И, наконец, блистательный финал «99 франков», ради которого Бегбедеру пришлось расщепить свое художественное ego на Марка и Октава: Октав со своим коллегой прямо в момент вручения каннского «льва» задерживаются полицией по обвинению в убийстве – некоторое время назад они действительно убили американскую пенсионерку, увидев в ней (потому что американка, потому что деньги пенсионного фонда качаются из развивающихся стран!) виновницу всех сегодняшних бед человечества. Марк же, не вынеся счастливой и бездеятельной жизни в «райском уголке», дает увлечь себя морскому течению и тонет. Эта концовка многое дает нам для понимания Бегбедера. Он не видит выхода. Он обреченно понимает, что Октав-Марк-Фредерик способен только на отказ от борьбы (лишь бы только обрести покой – иллюзорный, который все равно ведет к гибели) или на такой жуткий карикатурный протест, который испортит стены и зеркала в корпоративном сортире и лишит жизни старушку, но оставит на своих местах главных виновников уродства и нищеты мира. Других вариантов для Бегбедера нет.
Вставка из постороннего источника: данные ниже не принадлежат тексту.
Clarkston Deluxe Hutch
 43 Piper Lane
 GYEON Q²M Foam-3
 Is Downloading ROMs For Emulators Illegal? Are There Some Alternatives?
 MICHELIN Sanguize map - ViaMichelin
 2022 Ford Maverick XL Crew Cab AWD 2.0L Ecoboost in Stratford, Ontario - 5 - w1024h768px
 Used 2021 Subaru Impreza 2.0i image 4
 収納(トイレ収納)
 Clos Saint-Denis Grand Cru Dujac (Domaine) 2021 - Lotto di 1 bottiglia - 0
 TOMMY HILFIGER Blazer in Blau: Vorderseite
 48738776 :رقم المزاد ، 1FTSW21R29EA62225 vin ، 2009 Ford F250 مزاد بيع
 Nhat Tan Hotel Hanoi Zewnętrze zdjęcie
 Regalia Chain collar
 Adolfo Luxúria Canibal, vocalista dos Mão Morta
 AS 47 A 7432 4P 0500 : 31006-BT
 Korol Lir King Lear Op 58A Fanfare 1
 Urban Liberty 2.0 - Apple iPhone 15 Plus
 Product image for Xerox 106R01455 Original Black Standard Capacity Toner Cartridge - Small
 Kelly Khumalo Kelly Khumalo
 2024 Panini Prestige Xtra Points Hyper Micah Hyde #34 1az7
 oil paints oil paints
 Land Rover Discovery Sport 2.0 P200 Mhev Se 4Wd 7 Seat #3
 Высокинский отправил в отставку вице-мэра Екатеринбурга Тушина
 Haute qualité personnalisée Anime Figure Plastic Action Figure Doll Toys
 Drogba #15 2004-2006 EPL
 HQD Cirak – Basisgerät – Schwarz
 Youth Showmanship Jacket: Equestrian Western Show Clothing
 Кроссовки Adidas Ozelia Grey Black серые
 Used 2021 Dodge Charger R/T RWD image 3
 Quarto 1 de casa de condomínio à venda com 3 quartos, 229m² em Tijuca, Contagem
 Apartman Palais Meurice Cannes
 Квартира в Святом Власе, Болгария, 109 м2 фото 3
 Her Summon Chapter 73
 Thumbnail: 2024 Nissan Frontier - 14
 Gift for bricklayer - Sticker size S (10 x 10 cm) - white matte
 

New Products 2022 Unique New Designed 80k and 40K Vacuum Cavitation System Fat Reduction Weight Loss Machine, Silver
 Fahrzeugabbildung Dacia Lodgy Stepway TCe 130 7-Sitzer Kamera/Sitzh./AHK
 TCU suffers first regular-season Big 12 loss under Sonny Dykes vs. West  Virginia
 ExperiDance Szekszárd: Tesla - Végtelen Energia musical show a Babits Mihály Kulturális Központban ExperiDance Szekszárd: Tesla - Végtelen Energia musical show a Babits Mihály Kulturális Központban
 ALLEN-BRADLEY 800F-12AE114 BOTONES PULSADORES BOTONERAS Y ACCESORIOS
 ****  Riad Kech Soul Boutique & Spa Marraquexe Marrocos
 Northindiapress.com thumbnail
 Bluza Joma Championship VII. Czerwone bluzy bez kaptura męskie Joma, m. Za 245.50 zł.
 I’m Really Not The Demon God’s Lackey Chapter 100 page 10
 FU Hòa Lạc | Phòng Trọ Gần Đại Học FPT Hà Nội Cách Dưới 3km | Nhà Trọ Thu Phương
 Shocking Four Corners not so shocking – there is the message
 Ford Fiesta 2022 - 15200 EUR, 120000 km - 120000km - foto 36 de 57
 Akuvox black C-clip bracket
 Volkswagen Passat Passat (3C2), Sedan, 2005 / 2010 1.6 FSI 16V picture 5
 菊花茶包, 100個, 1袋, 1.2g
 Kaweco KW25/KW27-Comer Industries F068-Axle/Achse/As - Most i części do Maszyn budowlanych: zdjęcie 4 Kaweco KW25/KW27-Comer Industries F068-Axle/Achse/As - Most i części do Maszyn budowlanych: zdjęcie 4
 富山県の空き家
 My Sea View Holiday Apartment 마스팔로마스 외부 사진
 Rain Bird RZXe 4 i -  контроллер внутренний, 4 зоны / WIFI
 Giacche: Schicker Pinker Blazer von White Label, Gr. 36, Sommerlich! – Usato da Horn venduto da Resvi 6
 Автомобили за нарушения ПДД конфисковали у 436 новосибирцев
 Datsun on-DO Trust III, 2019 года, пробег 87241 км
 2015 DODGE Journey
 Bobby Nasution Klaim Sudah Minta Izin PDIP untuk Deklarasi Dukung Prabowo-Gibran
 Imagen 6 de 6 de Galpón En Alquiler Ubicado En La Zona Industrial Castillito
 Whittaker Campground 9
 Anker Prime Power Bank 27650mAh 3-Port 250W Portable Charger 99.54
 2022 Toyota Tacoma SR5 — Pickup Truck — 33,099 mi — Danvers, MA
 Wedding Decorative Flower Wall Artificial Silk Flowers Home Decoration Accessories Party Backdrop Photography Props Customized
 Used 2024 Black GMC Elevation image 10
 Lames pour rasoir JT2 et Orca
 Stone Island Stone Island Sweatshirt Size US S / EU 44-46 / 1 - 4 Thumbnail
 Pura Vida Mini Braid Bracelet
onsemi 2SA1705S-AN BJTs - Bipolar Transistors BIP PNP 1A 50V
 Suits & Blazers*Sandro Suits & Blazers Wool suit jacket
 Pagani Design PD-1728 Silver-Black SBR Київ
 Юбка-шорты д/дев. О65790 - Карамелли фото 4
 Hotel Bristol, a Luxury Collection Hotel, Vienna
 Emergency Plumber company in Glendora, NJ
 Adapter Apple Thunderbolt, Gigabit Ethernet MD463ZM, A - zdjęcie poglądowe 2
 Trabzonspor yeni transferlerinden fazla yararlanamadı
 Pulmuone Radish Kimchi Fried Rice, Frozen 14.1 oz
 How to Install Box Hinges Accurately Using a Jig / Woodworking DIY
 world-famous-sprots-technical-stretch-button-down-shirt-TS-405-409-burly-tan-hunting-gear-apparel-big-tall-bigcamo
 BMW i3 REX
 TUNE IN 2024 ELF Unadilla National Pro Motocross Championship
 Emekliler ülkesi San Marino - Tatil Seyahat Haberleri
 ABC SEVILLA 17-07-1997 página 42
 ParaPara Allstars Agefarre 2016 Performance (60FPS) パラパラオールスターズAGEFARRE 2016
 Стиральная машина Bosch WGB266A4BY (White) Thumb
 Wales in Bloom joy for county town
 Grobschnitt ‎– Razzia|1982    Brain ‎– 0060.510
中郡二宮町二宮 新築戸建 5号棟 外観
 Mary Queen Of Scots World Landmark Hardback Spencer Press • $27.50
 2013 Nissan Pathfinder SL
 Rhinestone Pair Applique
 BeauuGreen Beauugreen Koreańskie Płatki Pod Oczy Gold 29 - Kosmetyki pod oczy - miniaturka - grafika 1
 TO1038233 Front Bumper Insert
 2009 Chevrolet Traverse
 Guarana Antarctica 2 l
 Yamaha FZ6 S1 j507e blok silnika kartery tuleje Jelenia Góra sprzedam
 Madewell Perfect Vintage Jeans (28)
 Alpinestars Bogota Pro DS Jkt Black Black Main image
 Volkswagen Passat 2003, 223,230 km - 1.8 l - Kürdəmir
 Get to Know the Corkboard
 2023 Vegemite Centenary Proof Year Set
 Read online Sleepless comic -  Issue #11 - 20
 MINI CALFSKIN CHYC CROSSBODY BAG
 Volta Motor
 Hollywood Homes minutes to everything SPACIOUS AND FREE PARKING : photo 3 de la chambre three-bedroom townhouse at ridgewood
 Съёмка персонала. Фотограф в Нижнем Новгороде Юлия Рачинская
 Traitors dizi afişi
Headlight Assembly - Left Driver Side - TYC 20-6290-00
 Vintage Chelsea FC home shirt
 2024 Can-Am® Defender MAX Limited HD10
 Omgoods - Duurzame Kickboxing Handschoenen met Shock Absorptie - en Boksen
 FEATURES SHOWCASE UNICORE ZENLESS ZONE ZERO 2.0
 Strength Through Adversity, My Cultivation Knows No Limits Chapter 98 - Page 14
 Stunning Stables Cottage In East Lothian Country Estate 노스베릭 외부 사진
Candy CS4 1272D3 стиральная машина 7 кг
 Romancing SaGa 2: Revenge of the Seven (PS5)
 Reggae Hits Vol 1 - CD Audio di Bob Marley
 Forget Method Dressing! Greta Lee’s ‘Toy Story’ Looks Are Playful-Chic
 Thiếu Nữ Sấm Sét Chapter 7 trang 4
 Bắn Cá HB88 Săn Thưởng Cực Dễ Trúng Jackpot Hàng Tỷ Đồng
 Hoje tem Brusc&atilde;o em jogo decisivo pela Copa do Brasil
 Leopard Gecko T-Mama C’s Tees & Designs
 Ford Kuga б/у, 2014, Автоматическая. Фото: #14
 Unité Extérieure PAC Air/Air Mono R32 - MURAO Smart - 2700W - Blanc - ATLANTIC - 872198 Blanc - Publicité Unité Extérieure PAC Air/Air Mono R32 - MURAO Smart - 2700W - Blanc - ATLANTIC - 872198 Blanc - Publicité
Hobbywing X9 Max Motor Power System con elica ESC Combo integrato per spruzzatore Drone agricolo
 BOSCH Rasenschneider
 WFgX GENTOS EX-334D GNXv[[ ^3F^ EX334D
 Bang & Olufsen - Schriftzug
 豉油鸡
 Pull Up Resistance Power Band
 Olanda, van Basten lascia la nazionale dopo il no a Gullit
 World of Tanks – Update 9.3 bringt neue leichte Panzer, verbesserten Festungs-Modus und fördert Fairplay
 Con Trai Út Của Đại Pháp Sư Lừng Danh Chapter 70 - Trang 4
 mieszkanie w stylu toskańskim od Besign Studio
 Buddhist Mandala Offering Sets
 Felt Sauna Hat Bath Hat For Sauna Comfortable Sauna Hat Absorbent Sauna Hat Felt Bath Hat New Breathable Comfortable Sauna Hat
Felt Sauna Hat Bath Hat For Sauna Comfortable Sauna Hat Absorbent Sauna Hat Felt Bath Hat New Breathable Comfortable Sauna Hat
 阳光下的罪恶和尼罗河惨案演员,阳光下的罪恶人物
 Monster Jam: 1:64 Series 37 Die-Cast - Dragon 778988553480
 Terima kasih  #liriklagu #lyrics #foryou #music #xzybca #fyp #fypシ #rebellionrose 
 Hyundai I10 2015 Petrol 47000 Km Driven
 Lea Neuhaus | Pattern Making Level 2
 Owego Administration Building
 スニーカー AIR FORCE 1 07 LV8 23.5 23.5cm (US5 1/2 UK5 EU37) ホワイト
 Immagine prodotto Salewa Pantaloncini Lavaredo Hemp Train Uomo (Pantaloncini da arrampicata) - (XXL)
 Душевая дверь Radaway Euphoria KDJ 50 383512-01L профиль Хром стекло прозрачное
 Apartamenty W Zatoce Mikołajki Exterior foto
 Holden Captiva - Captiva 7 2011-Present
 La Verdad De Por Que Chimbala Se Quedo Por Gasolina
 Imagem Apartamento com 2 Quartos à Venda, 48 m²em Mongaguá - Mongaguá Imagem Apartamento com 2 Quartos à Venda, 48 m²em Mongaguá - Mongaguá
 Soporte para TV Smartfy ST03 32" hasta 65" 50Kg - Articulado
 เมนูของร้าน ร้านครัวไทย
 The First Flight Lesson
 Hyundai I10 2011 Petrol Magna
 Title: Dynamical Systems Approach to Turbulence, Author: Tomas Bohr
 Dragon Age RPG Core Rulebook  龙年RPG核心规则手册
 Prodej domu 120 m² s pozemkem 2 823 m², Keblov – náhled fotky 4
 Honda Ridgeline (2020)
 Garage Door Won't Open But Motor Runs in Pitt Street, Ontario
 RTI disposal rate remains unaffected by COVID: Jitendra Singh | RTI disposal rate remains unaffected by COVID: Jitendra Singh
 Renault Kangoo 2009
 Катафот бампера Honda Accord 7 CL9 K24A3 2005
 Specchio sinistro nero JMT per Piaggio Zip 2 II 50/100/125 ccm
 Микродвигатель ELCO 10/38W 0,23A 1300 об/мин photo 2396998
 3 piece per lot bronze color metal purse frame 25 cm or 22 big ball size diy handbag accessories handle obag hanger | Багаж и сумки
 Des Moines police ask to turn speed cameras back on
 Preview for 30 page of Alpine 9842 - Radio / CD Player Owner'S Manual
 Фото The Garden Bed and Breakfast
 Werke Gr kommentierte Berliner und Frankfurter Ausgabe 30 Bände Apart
Именно поэтому первую главу «99 франков» он начинает словами Фасбиндера : «То, что невозможно изменить, нужно хотя бы описать».

«Франки» оставляют еще одно ощущение – ощущение того, что это апогей бегбедеровского творчества. Поскольку его художественная логика диктуется одной безысходностью, дальше может быть лишь продолжение истерики – кто так подумал, закрывая opus magna, оказался прав. Вышедшие по-русски последними из произведений писателя «Windows on the world» служат подтверждением. «Windows on the world» - роман о родителе, который 11 сентября 2001 года решает посетить с двумя сыновьями ресторан-эпоним, расположенный на самом верху одной из башен-близнецов Всемирного торгового центра. Они приходят туда рано утром – дальнейшее очевидно. Тема, казалось бы, из тех, которые принято описывать как «есть где развернуться», тем более для Бегбедера. Но вы не найдете в книге хоть какого-нибудь анализа ситуации, приведшей к террористической авиационной атаке – пусть даже насквозь эмоционального. Роман о том, как страшно умирать, как страшно наблюдать за чужой смертью, как страшно видеть, что твои прогнозы насчет апокалипсиса сбываются – иными словами, это всего лишь мелодрама, пытающаяся укрыть дешевую мелодраматическую сущность за необычно масштабной тематикой, а также фирменным стилем и репутацией автора. Избранная Бегбедером позиция не могла привести ни к чему другому. Можно надеяться на какой-то подъем, но вряд ли надежды оправдаются: Бегбедер – собственный персонаж. В этом его особая ценность, в этом причина его краха.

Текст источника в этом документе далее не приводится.